Here’s what you need to know and how to address these common issues.
1. Why Are Subtasks Stopped?
Subtasks may be stopped due to the following reasons:
No data for 15 minutes: Subtasks that scrape no data within 15 minutes will be stopped automatically.
IP blocking: When subtasks are blocked, they may scrape no data and then be stopped.
Cloud node crashes: When subtasks run for too long, cloud nodes may crash and stop the subtasks.
Solutions and Recommendations
Step 1. Check the Cloud log for details
Open the Cloud Run panel and click Subtask Status.
Find the stopped subtask and click Details.
Review the logs and check the screenshots.

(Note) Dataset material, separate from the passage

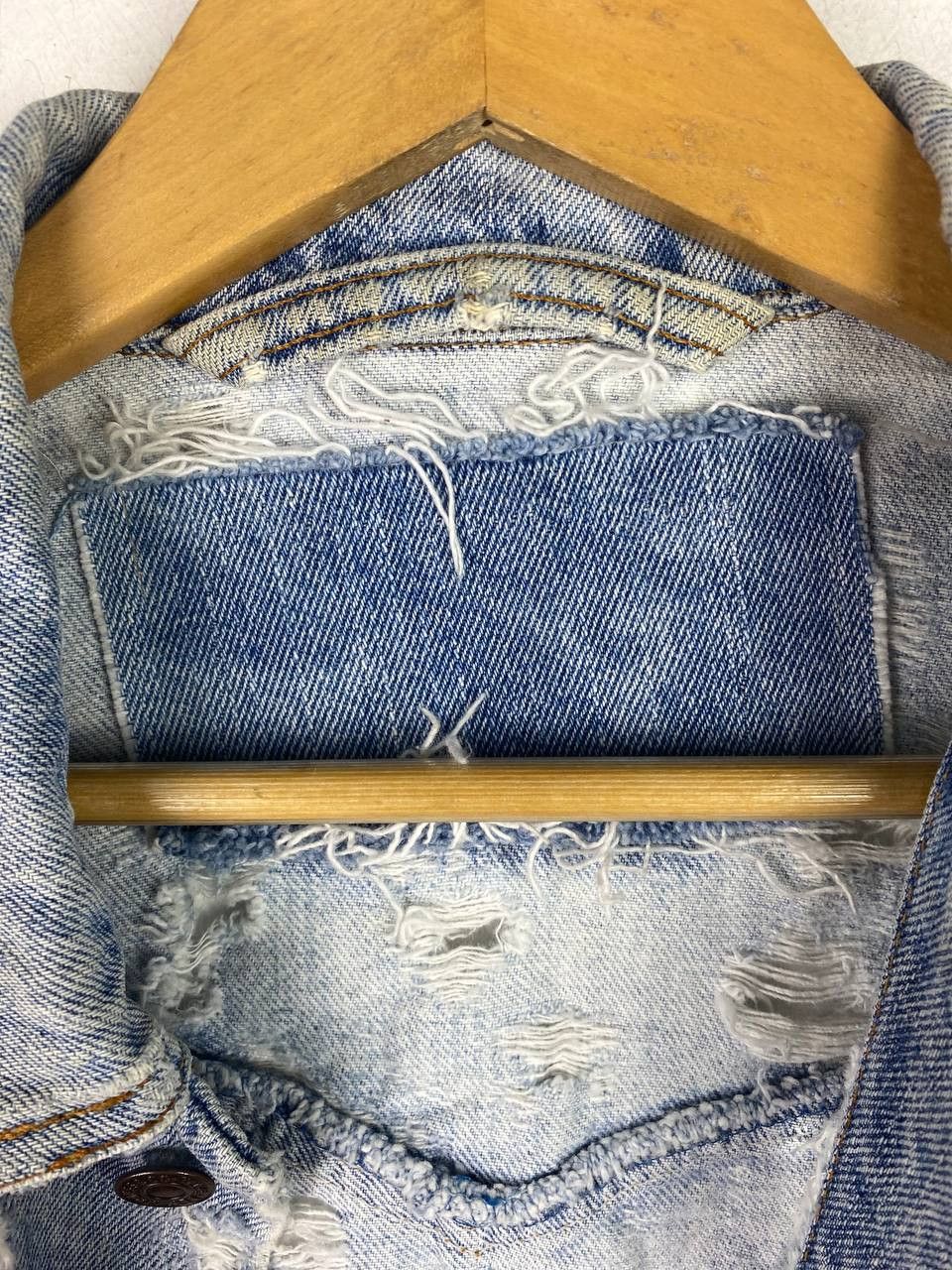 Levi's vintage levis denim jacket distressed very nice design Size US L / EU 52-54 / 3 - 10 Thumbnail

Step 2. Try the following solutions
Restart the stopped subtasks to see if they can resume scraping data.
Switch the IP pool to match the task’s target location.
Example: If the task targets U.S. websites, changing the IP pool to the United States may help.
Enable Octoparse IP proxies to resolve anti-scraping issues.
Adjust the task workflow or split the task into two smaller tasks.
Use a URL list instead of pagination to create more subtasks.
Scrape subpage (detail page) URLs first, then configure another task to extract data from those URLs.
2. Why Are Fewer Than Expected Subtasks Running?
Cloud Resource Allocation and Prioritization
Octoparse allocates cloud resources based on the user's subscription plan.
For instance, on a Professional plan, users are typically allowed to run up to 20 subtasks concurrently. However, in cases where resources are temporarily limited, priority is given to users with higher subscription plans. This means fewer subtasks may run, such as 12 to 16 instead of 20, until cloud resources are expanded. This prioritization ensures optimal allocation across all users.